As a reminder, never load untrusted code through load without a restricted environment, especially when the input is from a modem. If you want to load code, give it a highly restricted environment with only the functions required, if any. (Despite the fact that textutils.unserialize loads code, it uses an empty environment, so it's considered safe.)

Inner workings

CCSecureBoot uses the PKCS or S/MIME protocol stack for storing cryptographic info, and uses Ed25519 for signatures. Most of the heavy lifting is done by libcert and ccryptolib on the Lua side, and Bouncy Castle on the Java side.

The server keeps a unique private key, stored in computercraft/root.key in the save directory, and an associated certificate, stored in computercraft/certs/root.pem. These are used as a root of trust for the server. Computers can then request certificates for themselves signed by the root certificate, which are traced back to the root on verification. Requests are passed through a Java API which is hidden behind a require call.

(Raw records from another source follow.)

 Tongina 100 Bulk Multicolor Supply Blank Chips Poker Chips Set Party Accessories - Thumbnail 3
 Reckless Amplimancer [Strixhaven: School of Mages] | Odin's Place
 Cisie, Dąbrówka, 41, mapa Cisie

CCSecureBoot inserts a program into /rom/autorun which checks for enrollment, and if the current computer is enrolled then it runs pxboot. It checks enrollment by looking for /rom/pxboot/certs/enrolled/<id>, where /rom/pxboot/certs is a save mount located in computercraft/certs (allowing the mod to edit it at runtime).

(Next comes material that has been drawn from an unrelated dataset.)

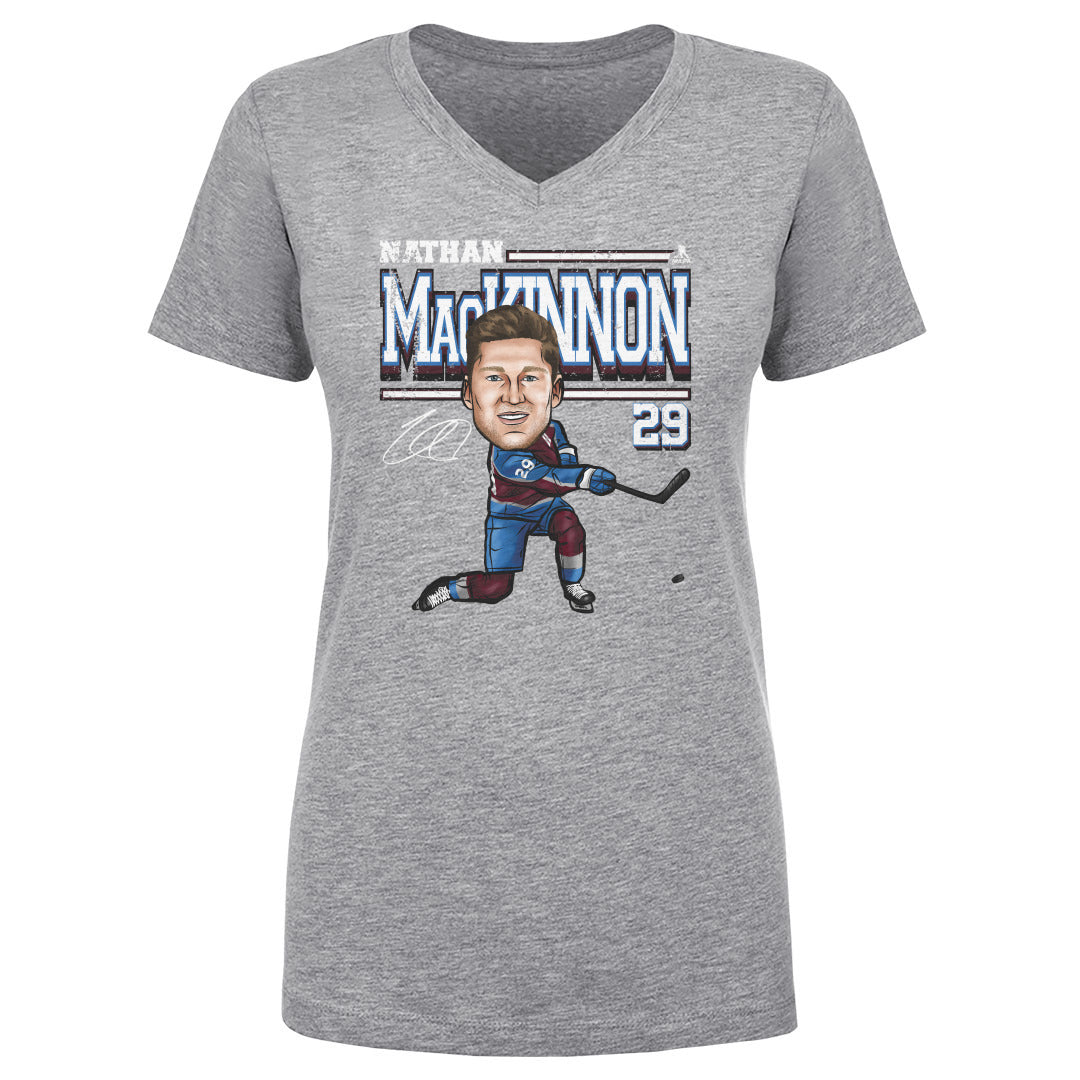 Nathan MacKinnon Women's V-Neck T-Shirt | 500 LEVEL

The version of pxboot used includes a module which inserts a signature check into all commands which load code. Signatures are stored in PEM-encoded PKCS#7 containers next to the files which must be signed, and contain the certificate of the signer alongside the signature. This allows the signature to stand alone without needing to have a separate list of valid certificates - the embedded cert can be validated against the trusted root.

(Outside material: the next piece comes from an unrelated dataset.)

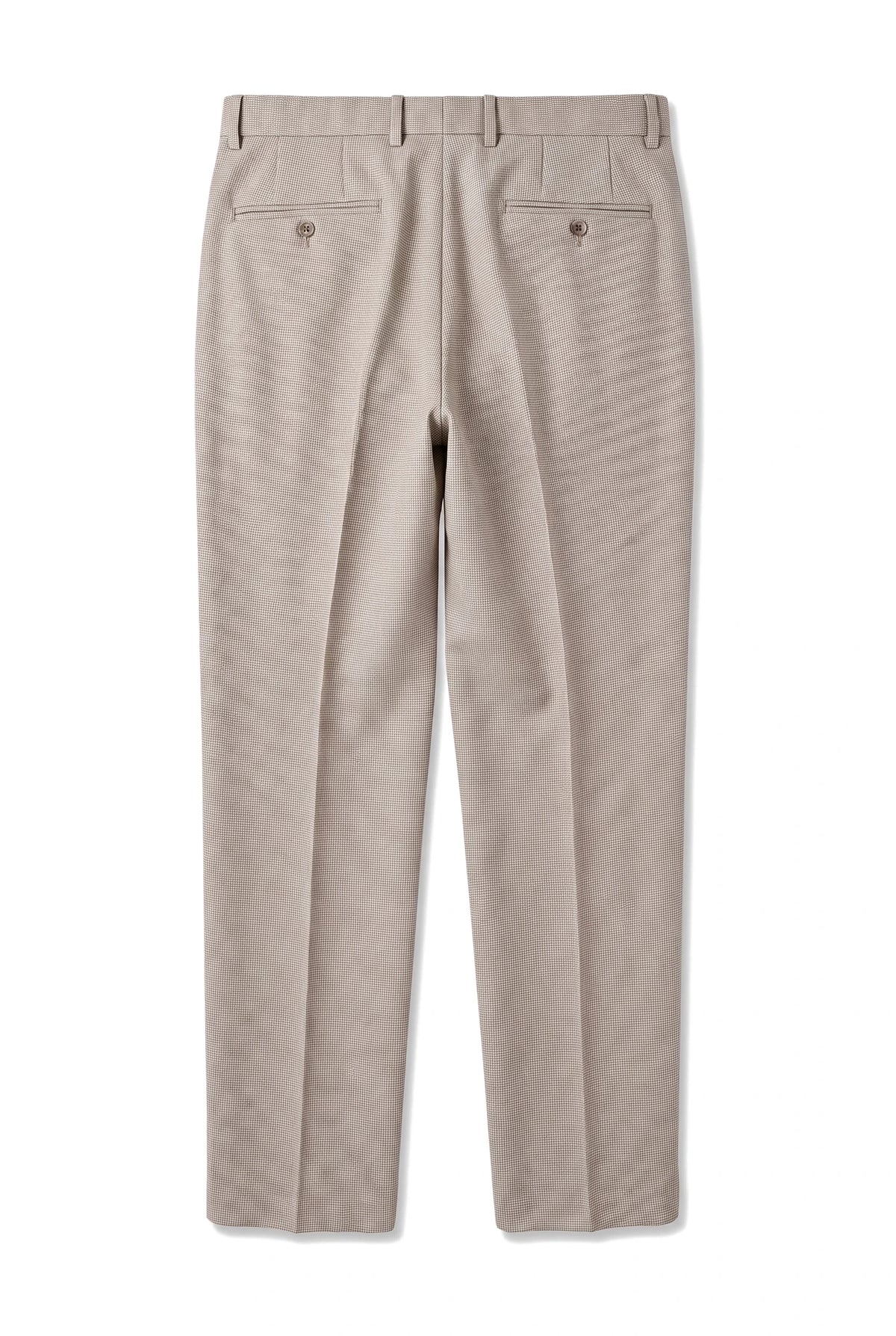 Mayfair - Herre Beige Birdseye Formelle Bukser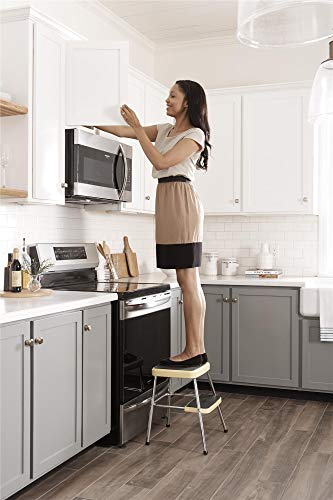 Yellow Steel Step Stool O403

Enrolling in secure boot involves generating a PKCS#10 signing request for the current computer ID. The computer first generates a private key, and then creates a signing request for the associated public key. The CSR contains a field in the subject, uniqueIdentifier (OID 2.5.4.45), which contains the computer's ID. This ID must match the running computer, otherwise the signing request will be rejected.

The CSR is then passed off to the server in PEM format to sign, using secureboot.enroll(csr). If the IDs match, the new X.509 certificate is passed back (PEM-encoded), and a file is created in computercraft/certs/enrolled//rom/pxboot/certs/enrolled for the computer ID, telling the bootloader to check signatures.

Afterward, the certificate and key are saved in X.509 and PKCS#8 formats, respectively, both PEM-encoded. For safety, a boot config and startup program for loading the shell are created on the disk, which are then signed with the new key.

Signing is a simple PKCS#7 signature operation, using the certificate and key stored on the floppy disk.

Unenrolling involves calling secureboot.unenroll(cert, signature) with the computer's certificate (PEM-encoded X.509), as well as a signed challenge string. The challenge text is simply the ID of the target computer as a string, and the signature is passed as a bare Ed25519 signature, foregoing any PKCS#7 wrapper for simplicity (since there's no easy PKCS#7 signature checking in Java). If the certificate is valid and the signature passes, the enrollment file is deleted and the certificate is stored in a certificate revocation list, stored at computercraft/certs/revoked.crl.

License

CCSecureBoot is licensed under MPLv2, with portions licensed under MIT.